YOLO11 vs RTDETRv2: A Detailed Model Comparison for Object Detection
Choosing the right object detection model is crucial for the success of any computer vision project. Ultralytics offers a range of models, including the cutting-edge YOLO11 and the robust RTDETRv2. This page provides a detailed technical comparison to help you make an informed decision based on your specific needs.
Architecture and Key Features
YOLO11 represents the latest evolution in the Ultralytics YOLO series, building upon the foundation of previous models like YOLOv8 and YOLOv9. It is an anchor-free, one-stage detector known for its speed and efficiency. YOLO11 focuses on optimizing both accuracy and inference time, making it suitable for real-time applications and deployment on edge devices. Key improvements in YOLO11 include enhanced feature extraction and a streamlined architecture that reduces parameter count while maintaining or improving accuracy. Learn more about YOLO11
RTDETRv2, on the other hand, is a real-time object detection model based on the DETR (DEtection TRansformer) architecture. Unlike YOLO models, RTDETRv2 leverages a Vision Transformer backbone, enabling it to capture global context in images more effectively. This architecture often leads to higher accuracy, particularly in complex scenes with overlapping objects. RTDETRv2 is designed for scenarios where accuracy is prioritized without sacrificing too much on inference speed. Explore RTDETRv2 in Ultralytics Docs
Performance Metrics
The table below summarizes the performance characteristics of YOLO11 and RTDETRv2 models across different sizes, using metrics like mAP (mean Average Precision), inference speed, and model size. These metrics are crucial for understanding the trade-offs between accuracy and computational efficiency for each model.

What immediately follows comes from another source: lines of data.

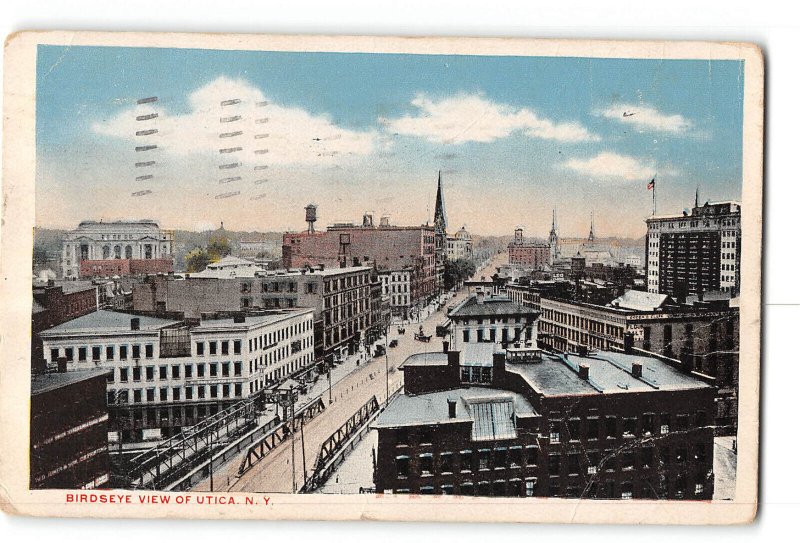 Utica New York NY Creased Postcard 1916 Birdseye View Of Utica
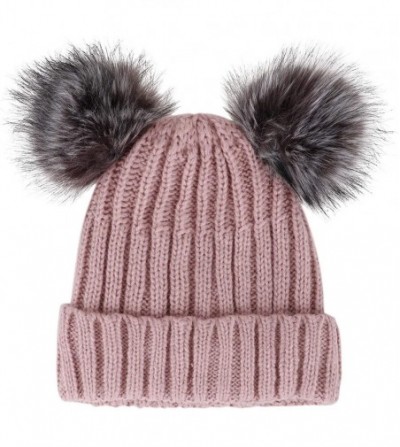 Skullies & Beanies Women's Winter Ski Knit Warm Fleece Beanie Hat w/Double Fur Pom - Pink Hat Black Grey Ball Beige Lining - ...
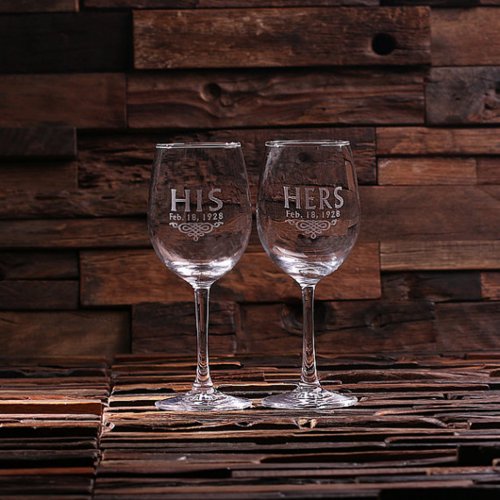Pair of High Quality His  Hers Large Wine Glasses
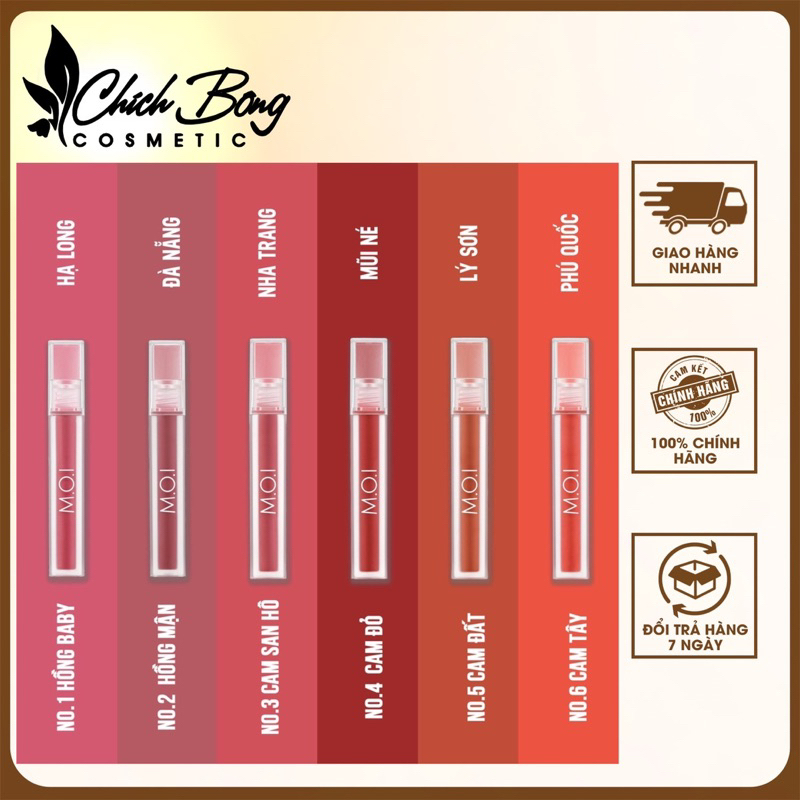 Son Nhung Lì SGIRLS BY M.O.I - Son kem bền màu, dưỡng mềm môi, lâu trôi MOI cosmetics - Son Hồ Ngọc Hà 3.5g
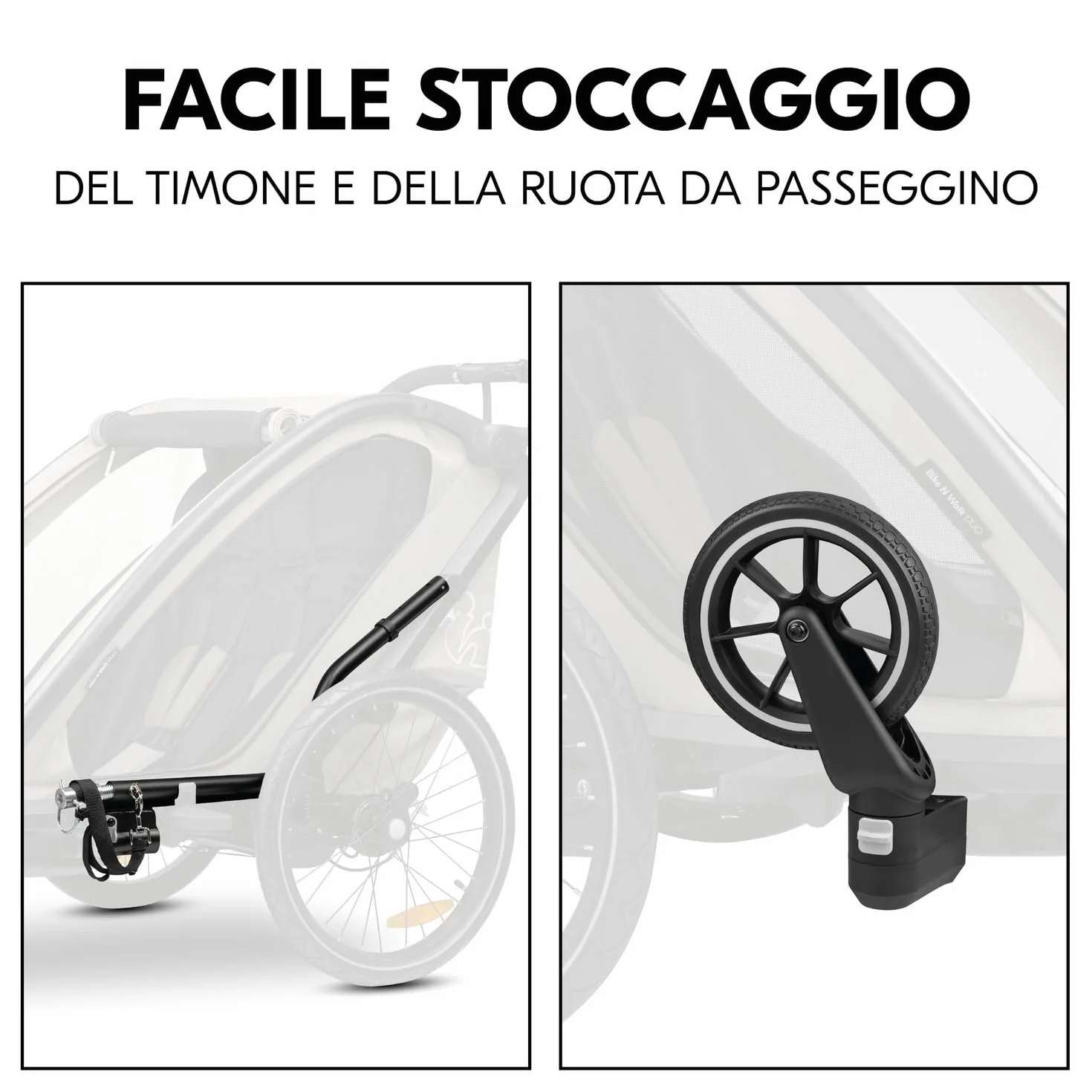 Hauck Bike N Walk Duo 3in1 Rimorchio Bici Bambini 2 Posti 22 kg 120 cm Light Grey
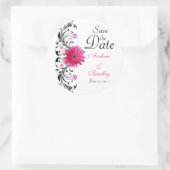 Roze Gerbera Bloemenbruiloft Save the Date Sticker (Tas)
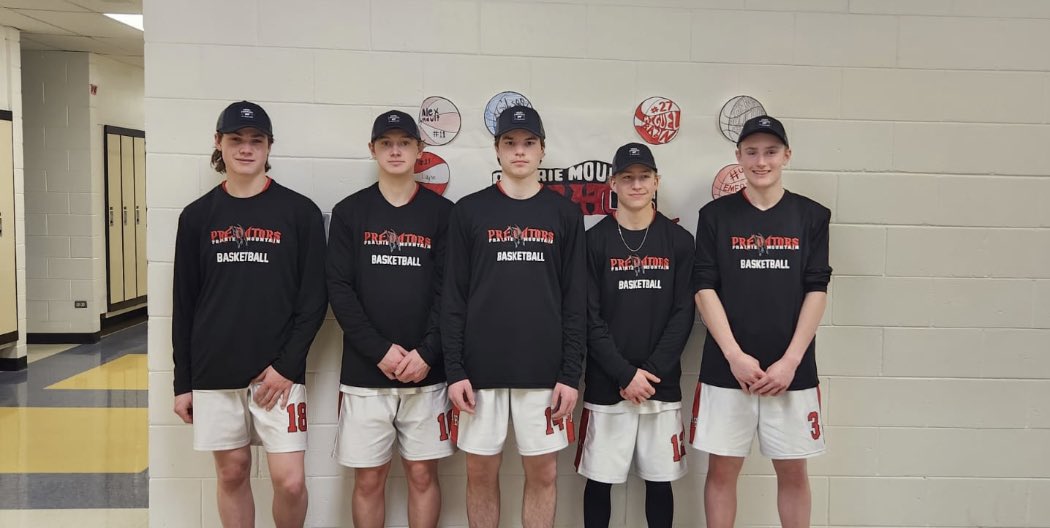 HDelichte's tweet photo. #DFM sponsored this weekends AA MB provincial 🏀tournament. PMHS’s team, The Predators, had the only Varsity Boys starting lineup composed of only MB Dairy Farmers Sons! ❤️ the hats!!#predsallfromagoodplace #allfromagoodplace https://t.co/braVNzOxRj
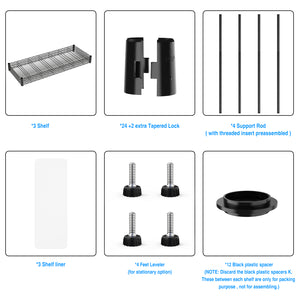 English Elm 3 3-Tier Heavy Duty Wire Shelving Unit, NSF Certified 1050 lb Capacity, Adjustable Shelves & Feet Black W155091053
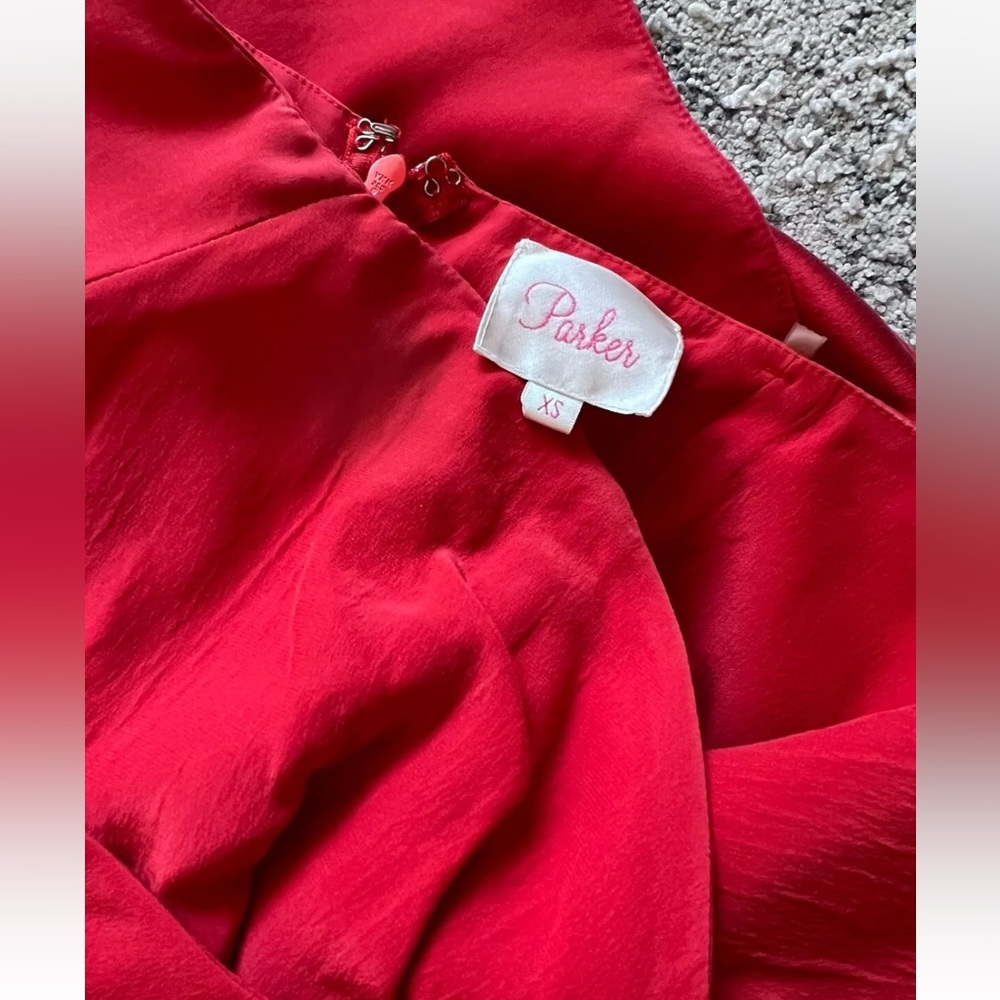 Parker Red Silk Strapless Dress Size XS - Picture 3 of 4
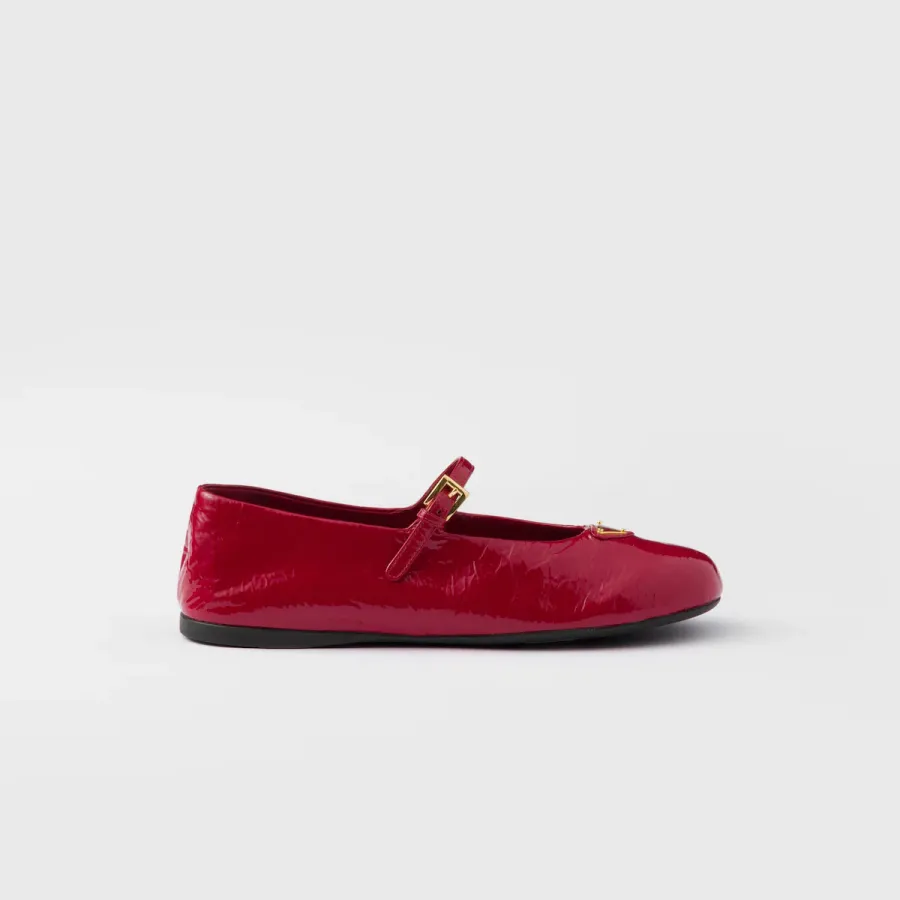 PRADA Naplak Flat Shoes red Ballet Shoes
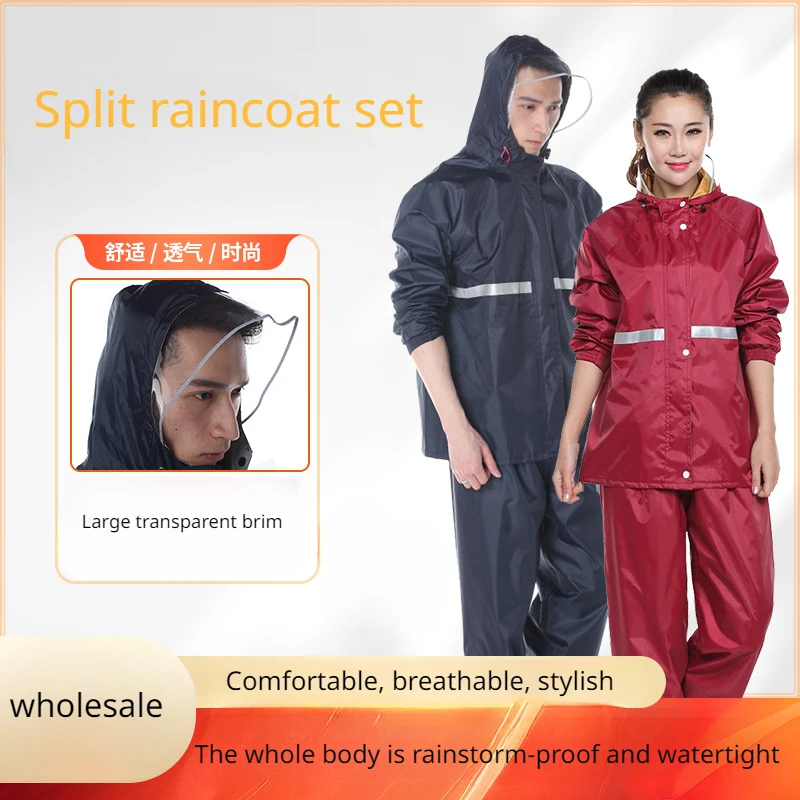 Thickened Motorcycle Raincoat Set Split Raincoat Adult Split Raincoat Double Raincoat Rain Pants Waterproof Poncho  Rain Coat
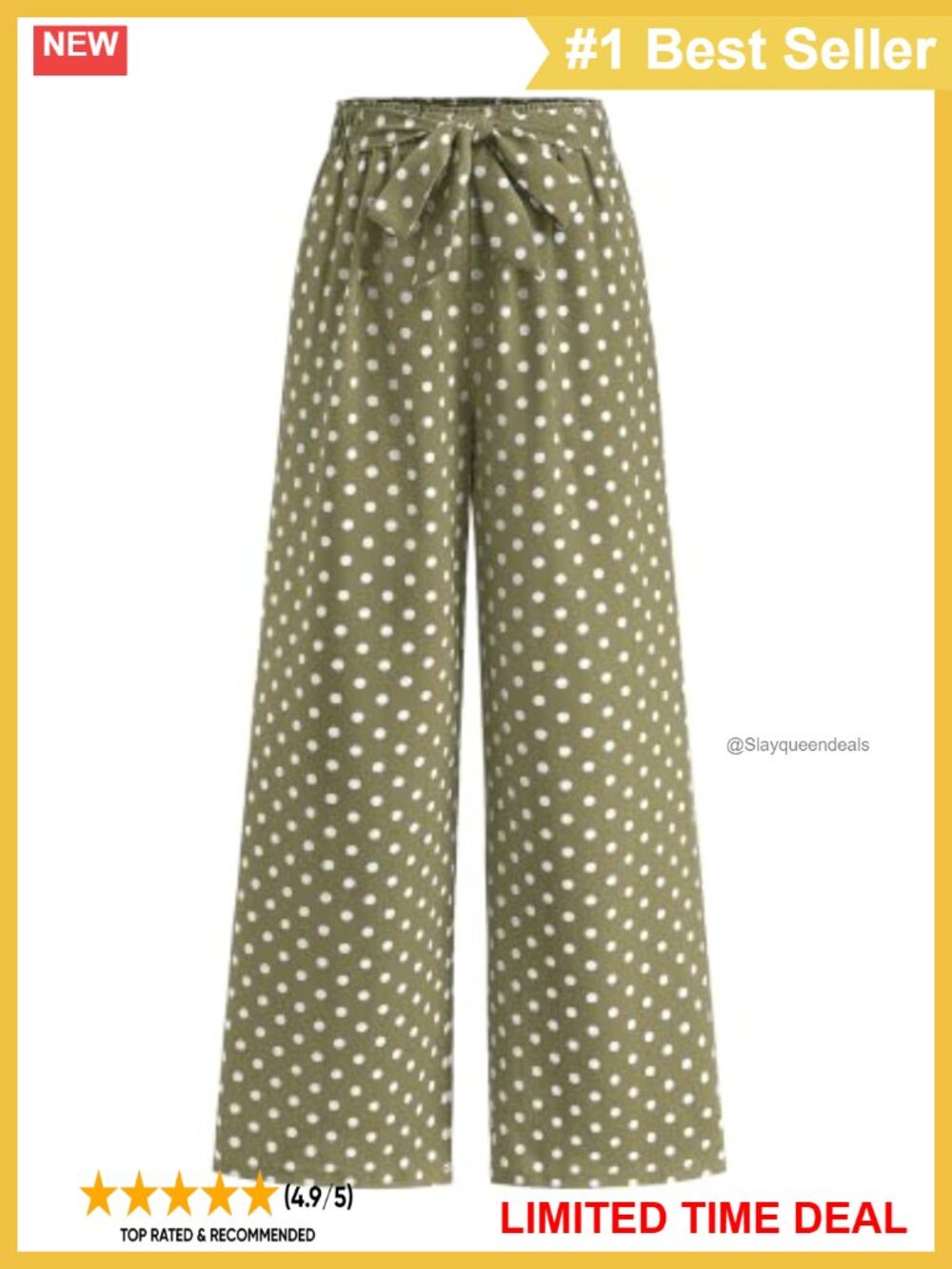 Wide Leg Palazzo Pants Tie Knot High Waisted Flowy Trousers Work Casual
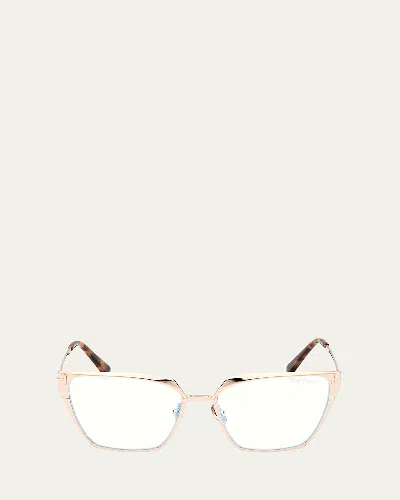 Tom Ford Blue Blocking Metal Cat-eye Glasses In Shiny Rose Gold Shiny Havana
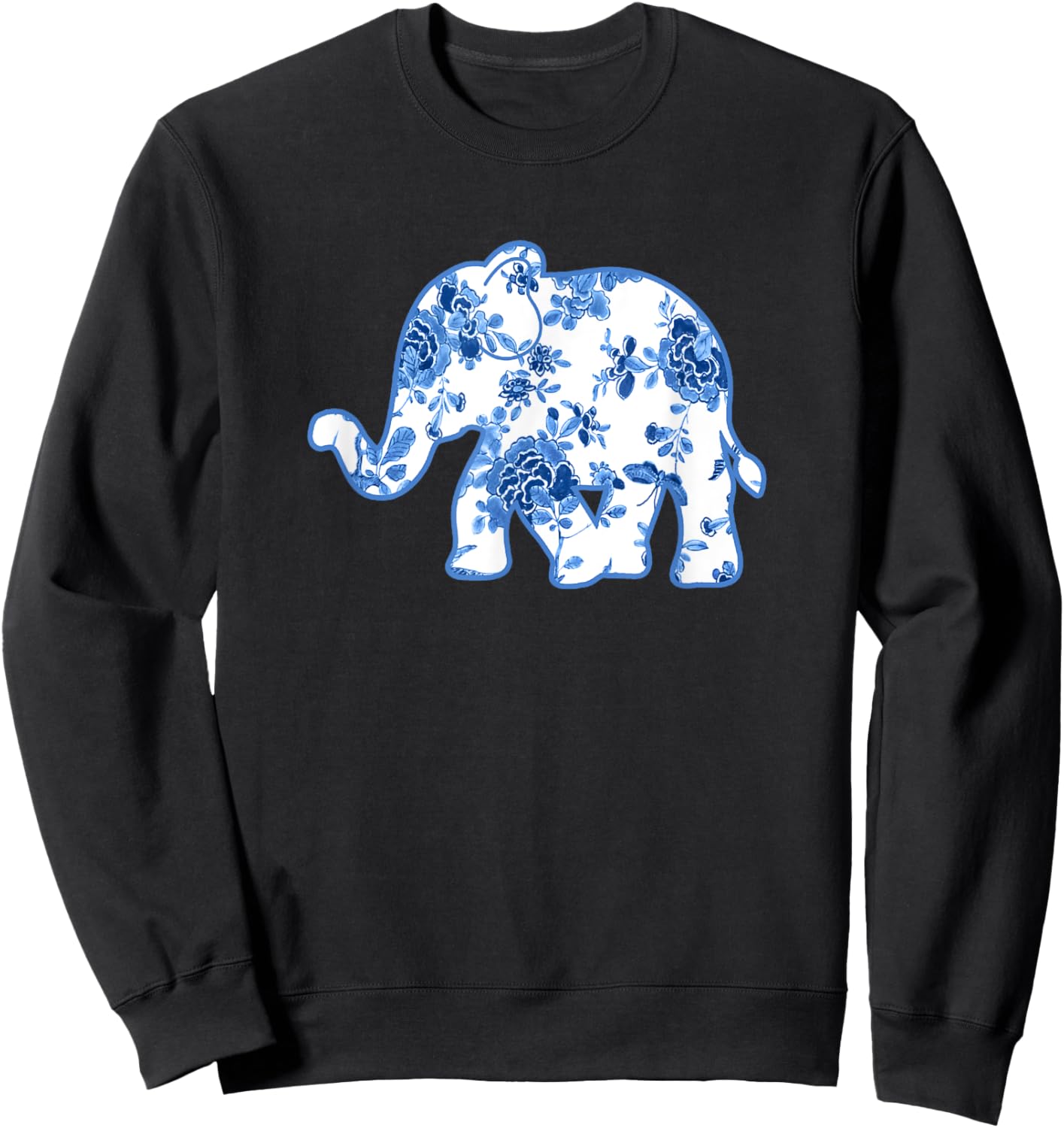 Elephant Chinoiserie Shirt Blue White Floral Pattern Sweatshirt - Sweatshirt | Black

For a deeper understanding of these metrics, refer to our guide on YOLO Performance Metrics.
Model | size (pixels) |
mAPval 50-95 |
Speed CPU ONNX (ms) |
Speed T4 TensorRT10 (ms) |
params (M) |
FLOPs (B) |
---|---|---|---|---|---|---|
YOLO11n | 640 | 39.5 | 56.1 | 1.5 | 2.6 | 6.5 |
YOLO11s | 640 | 47.0 | 90.0 | 2.5 | 9.4 | 21.5 |
YOLO11m | 640 | 51.5 | 183.2 | 4.7 | 20.1 | 68.0 |
YOLO11l | 640 | 53.4 | 238.6 | 6.2 | 25.3 | 86.9 |
YOLO11x | 640 | 54.7 | 462.8 | 11.3 | 56.9 | 194.9 |
RTDETRv2-s | 640 | 48.1 | - | 5.03 | 20 | 60 |
RTDETRv2-m | 640 | 51.9 | - | 7.51 | 36 | 100 |
RTDETRv2-l | 640 | 53.4 | - | 9.76 | 42 | 136 |
RTDETRv2-x | 640 | 54.3 | - | 15.03 | 76 | 259 |
Strengths and Weaknesses
YOLO11 Strengths:
- Speed: YOLO11 is optimized for real-time inference, offering very fast processing speeds, especially on GPUs and when exported to formats like TensorRT.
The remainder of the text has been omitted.